Coassembly of polymer brushes and linear polymers in selective solvents provides a unique method for the fabrication of surface nanostructures on solids. However, some fundamental problems, including the effect of architecture of polymer brushes on the surface coassembly and the thermal dynamic process of the assembly, are left unsolved. To solve the fundamental problems, in this research we synthesized Y-shaped polymer brushes on silica particles and studied the coassembly mechanism of the Y-shaped polymer brushes and linear block copolymers (BCPs). Poly(ethylene glycol)-block-polystyrene (PEG-b-PS) with a pyridyl disulfide group at the junction point (PEG-(SS-py)-PS) was synthesized by a combination of click chemistry, thiol-disulfide exchange reaction, and reversible addition-fragmentation chain transfer polymerization. The block copolymer and the precursors were characterized with H-1 NMR, C-13 NMR, size exclusion chromatography, and matrix-assisted laser desorption ionization time-of-flight mass spectrometry. PEG-(SS-py)-PS chains were anchored to the thiol-modified silica particles by the thiol-disulfide exchange reaction, and Y-shaped polymer brushes with PEG and PS arms were prepared on silica particles (PEG/PS-SiO2).
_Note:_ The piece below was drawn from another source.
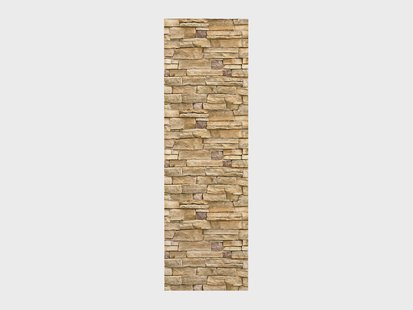 LIVARNO Zelfklevende decoratiefolie 0,45 x 10 m (Muur zand)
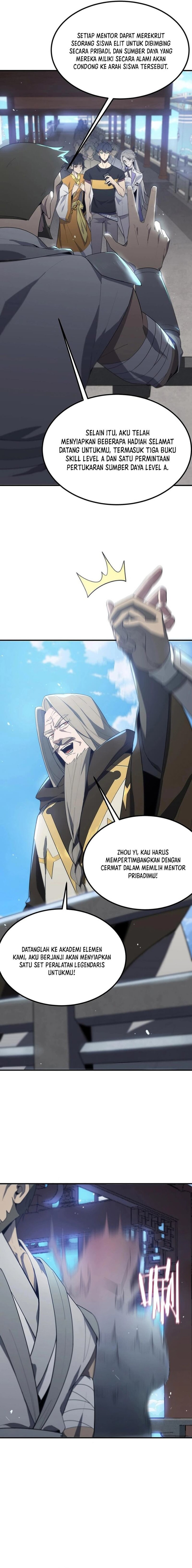 SSS-Level Paladin Who Breaks All Logic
Coassemblies of PEG/PS Y-shaped polymer brushes and linear PEG-b-PS BCPs with different PS block lengths were studied. In THE/methanol mixtures (1/7, by volume), BCP chains and PEG/PS brushes can coassemble into surface structures. The PS block length and BCP concentration play key roles in the fabrication of surface structures. With an increase in PS block length, fewer BCP chains are organized onto the surfaces of silica particles due to the limited surface area. Different morphologies were observed in the coassembly of Y-shaped polymer brushes and linear BCPs. In the coassembly of PEG/PS-SiO2 and PEG-b-PS89, only spherical micelles are formed on silica particles. At high BCP concentrations, Y-shaped polymer brushes and PEG-b-PS143 chains coassemble into surface wormlike structures on silica particles. In the coassembly of PEG/PS-SiO2 and PEG-b-PS306, layered surface structures and fused vesicles are formed on silica particles. This research paves a new approach to the fabrication of hierarchical nanostructures on solid surfaces.